Moreover, Giulia Tarsitano put the emphasis on future challenges for co-operatives in building more participative and local food systems, where consumers can be an active part of the change, ensuring a true level playing field between co-operatives and mainstream businesses in Europe and increasing the visibility of co-operatives in EU policy-design.
The second panel had been attended by a group of three different activist-researchers and clearly showed how grassroots social movements, together with proper research, can work with institutions to build bottom-up and highly relevant policy for the Green Deal.
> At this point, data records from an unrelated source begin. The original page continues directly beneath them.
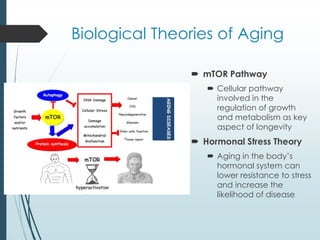 Biological Theories of Aging
 mTOR Pathway
 Cellular pathway
involved in the
regulation of growth
and metabolism as key
aspect of longevity
 Hormonal Stress Theory
 Aging in the body’s
hormonal system can
lower resistance to stress
and increase the
likelihood of disease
Giovanni Esposito, from the FASS EU project, spoke about the enabling and blocking factors that they have identified in establishing sustainable food systems in Europe, while Sophie Michel from the Strasbourg University and Lena Bloemertz from the University of Basel spoke about the comparative aspects and relevance of Food Policy Councils, Plan Alimentaires Territoriales and Ernährungsrat as structures that bring actors together at territorial level to build sustainable food systems. Patricia Andriot, the Local Authorities’ network for Solidarity Economy Vice-president, spoke about how she made her local food policy council a open space for local initiatives dedicated to civil society and she stressed the importance of Local government in ensuring that public tenders are open to groups of local agro ecological and organic small-scale food producers. The final intervention came from Geneviève Savigny, who has been a member of the European Economic and Social Committee and who is herself a farmer. She highlighted the resilience and importance of building the bridge between food sovereignty and Social and Solidarity Economy.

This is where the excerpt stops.